Exercise prompt>
Could you reproduce the lines below from the one with "Posse White T-Shirt" through the one with "Antique Salt Glazed"? Keep both ends and add nothing.

Source material>
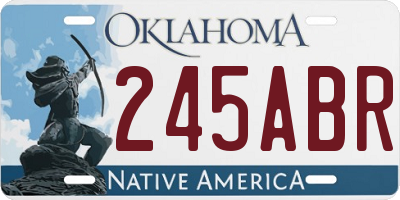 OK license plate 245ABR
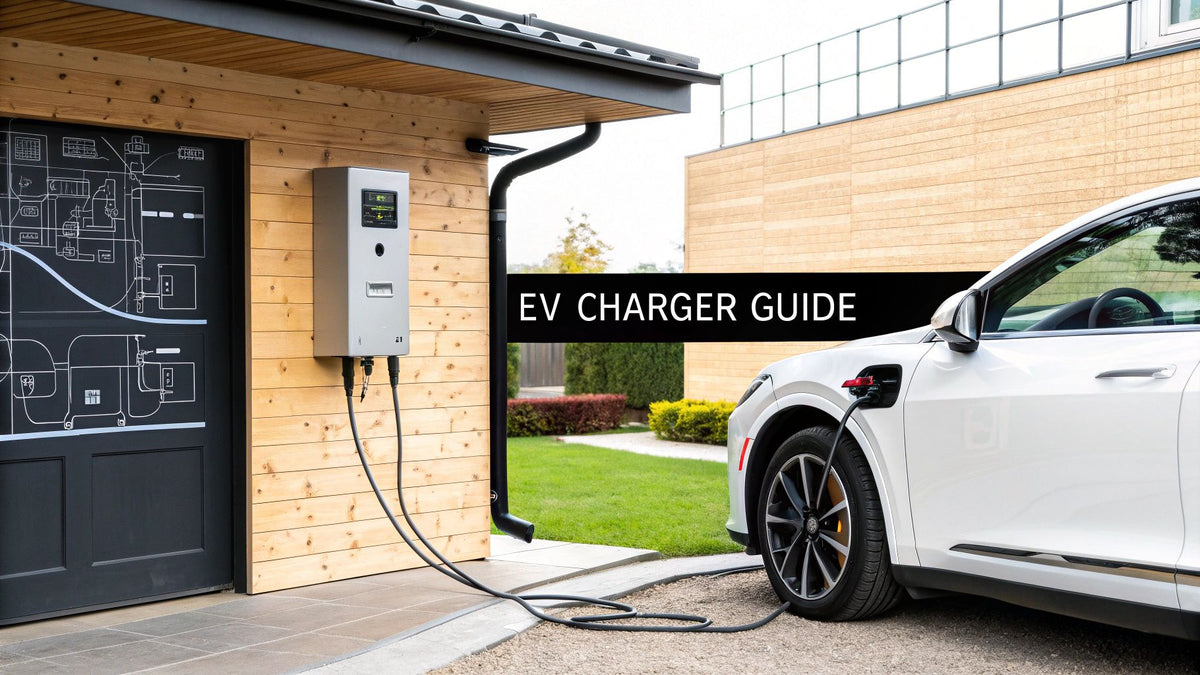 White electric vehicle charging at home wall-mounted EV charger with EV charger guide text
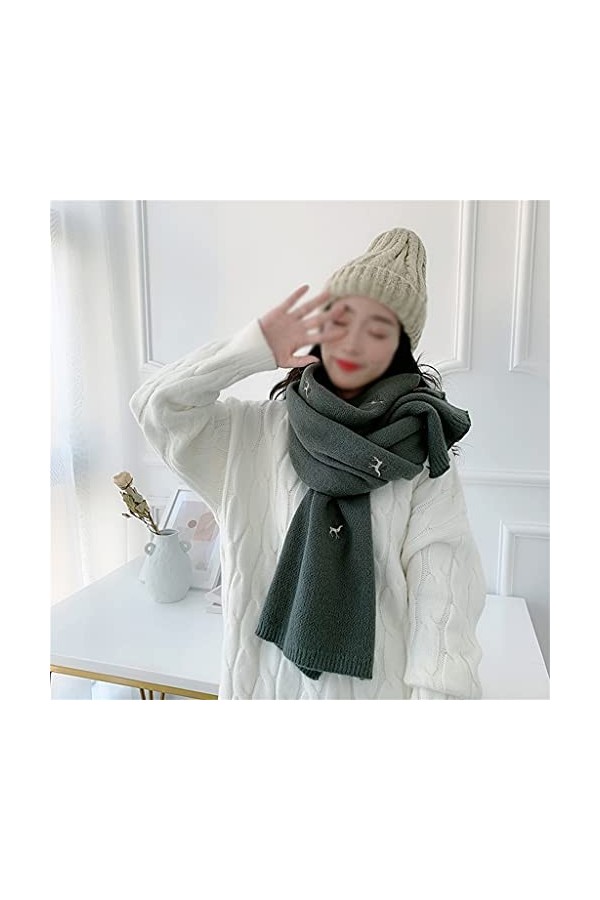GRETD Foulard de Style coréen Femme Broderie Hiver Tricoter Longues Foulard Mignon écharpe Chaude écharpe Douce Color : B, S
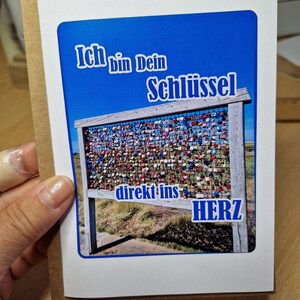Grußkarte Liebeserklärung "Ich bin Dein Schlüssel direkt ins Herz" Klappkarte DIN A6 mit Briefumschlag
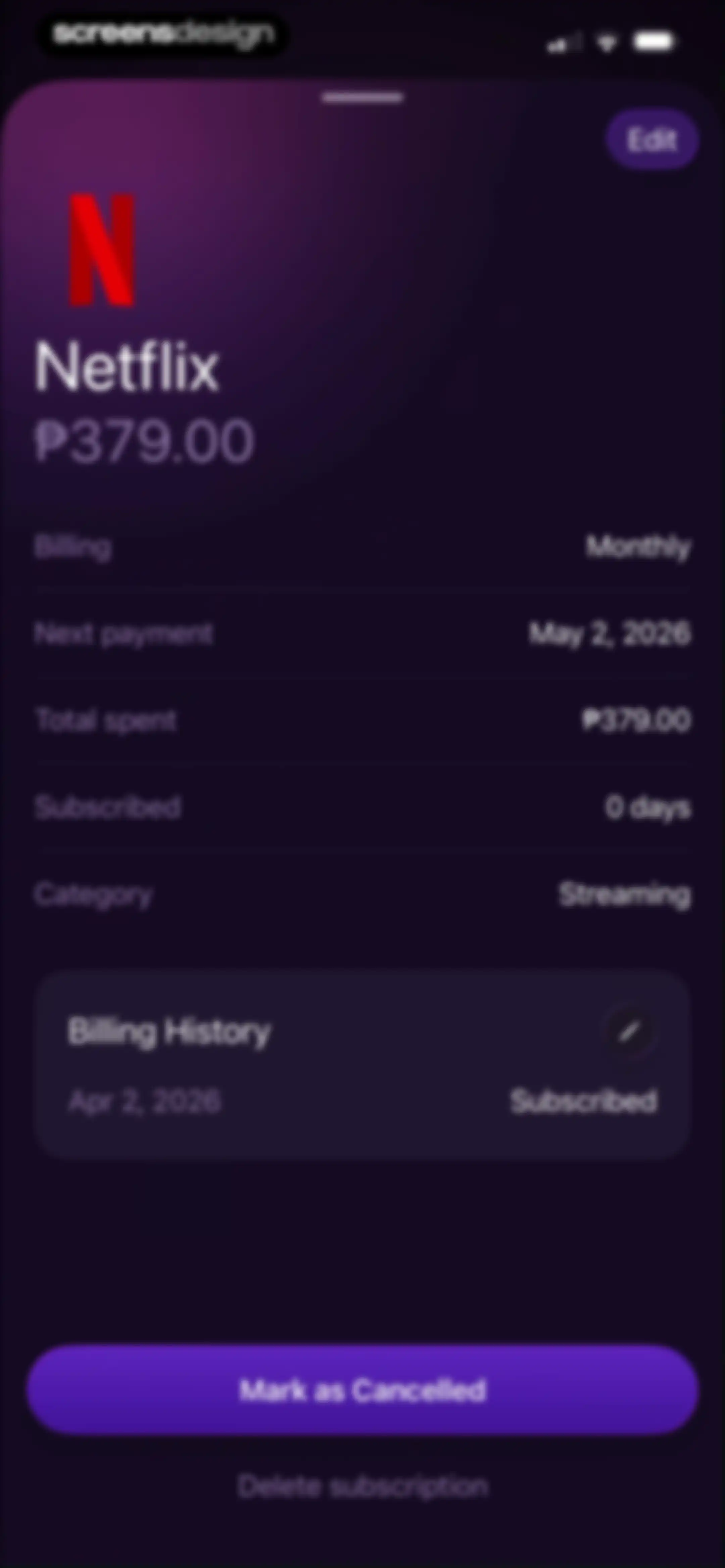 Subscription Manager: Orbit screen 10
...
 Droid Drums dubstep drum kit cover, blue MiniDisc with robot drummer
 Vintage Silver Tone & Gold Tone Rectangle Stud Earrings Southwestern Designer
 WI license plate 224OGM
...
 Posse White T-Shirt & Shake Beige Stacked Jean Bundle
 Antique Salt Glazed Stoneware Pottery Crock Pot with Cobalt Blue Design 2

Response to this task>
 Posse White T-Shirt & Shake Beige Stacked Jean Bundle
 Antique Salt Glazed Stoneware Pottery Crock Pot with Cobalt Blue Design 2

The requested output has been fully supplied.